Karri Kindergarten





Last Thursday, on a beautiful, still, sunny morning Karri Kindergarten were invited to join Silver Birch Kindergarten around the campfire at bush kindy to meet some very special guests. Aunty Eliza and Aunty Annette are Noongar elders whom Bruce wanted our children to meet. The children welcomed and sang songs for them. Then, as Kristy tended the fire and baked a cake in the dutch oven, they shared many aspects of their childhoods, including the simple toys which they made from found materials to play with as children. After listening to their stories, the children had an opportunity to play with the toys. The dolls were cuddled, sung to, then wrapped in coats and put to bed in the shelter. A couple of the children spontaneously made their own dolls from sticks and leaves. To see this beautiful connection between the dolls, made from bottles and scraps of cloth, and the children, was a reminder of the joy to be found in the simplest of playthings.
It is a primordial need for a child to have a doll to love, care for and carry around. With the doll, the child can imitate the parenting he/she has experienced from the mother and father, and can also share his/her joys and fears, as the doll is an image of the self, often even sharing the same name. The child doesn't experience the outer beauty of the doll, but instead what he/she brings to the doll from their own being.
In Karri Kindergarten we have some simple hand-made dolls available for the children to play with each day. Rarely would a morning go by when they are not woken, have their clothing changed, wheeled around in the wicker pram, or carried in a “sling” made from a cloth, fed breakfast, and talked to. They are an integral part of the self-directed play of our kindergarten, and really loved by the children.

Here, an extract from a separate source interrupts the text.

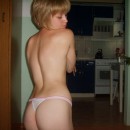 Shorthair russian blonde girl posing at home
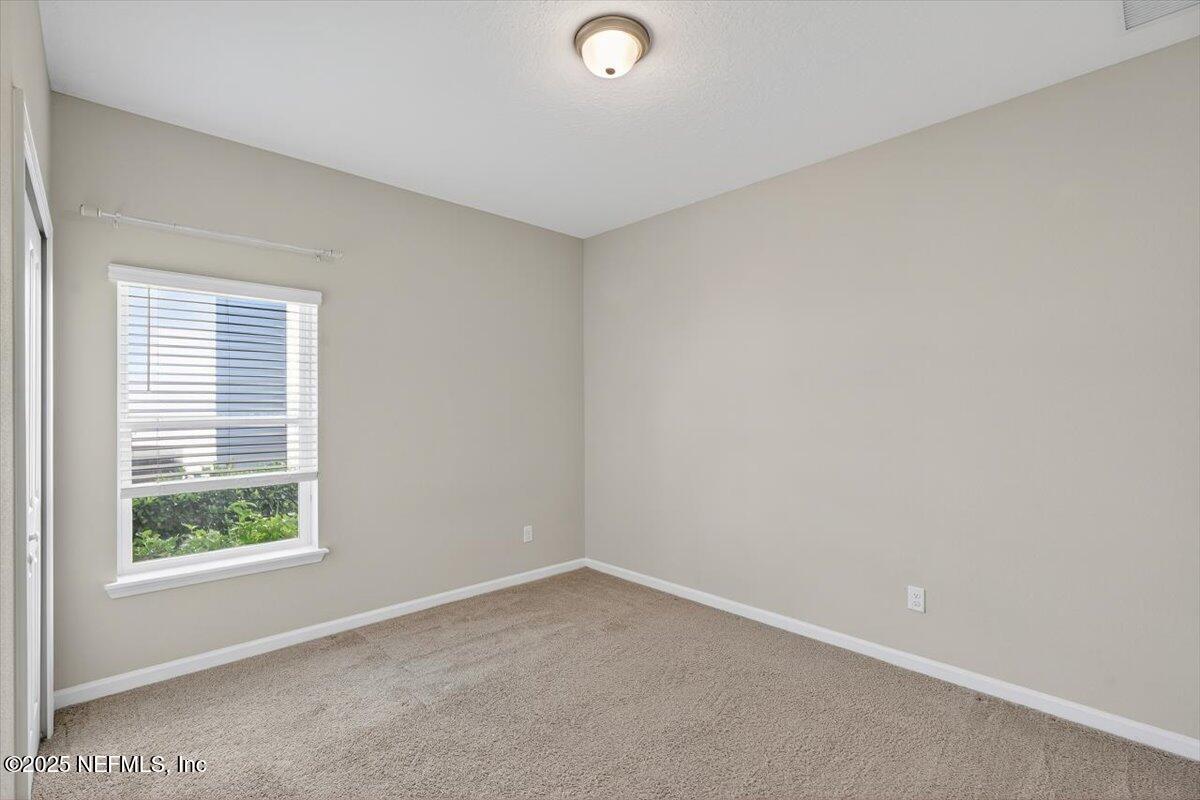 312 Clarys Run St. Augustine, FL 32092 - Photo 20 of 99 an empty room with a window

Rudolf Steiner spoke about the importance of a simple doll as a toy in the first seven years. The more simple the form of the doll, the more the child can bring through the imagination. A mass produced doll may have a painted on smile so that it always looks happy, yet a home made cloth doll can have such simple features (or perhaps even no face at all), so that it can imbue any emotion at all. The power of the imagination needs to be exercised, just as human muscles are strengthened by use, and by providing simple toys, including dolls, and better still ones the children make themselves, this capacity is given a chance to develop. Before mass-production, dolls, like people, were unique. A hand-crafted doll is one-of a kind, an individual which carries the spirit of the maker in it’s stitches and absorbs the spirit of the child who loves it. I think the loving gestures of the children as they played and cared for the Auntie’s dolls that day, demonstrated an innate feeling for the creative force that produced those simple playthings and in this way the seed for a healing connection was planted.
Many thanks to Bruce for all his work with bush kindy and with introducing such rich experiences for our children,and to Kristi too, for all she does to nurture and support.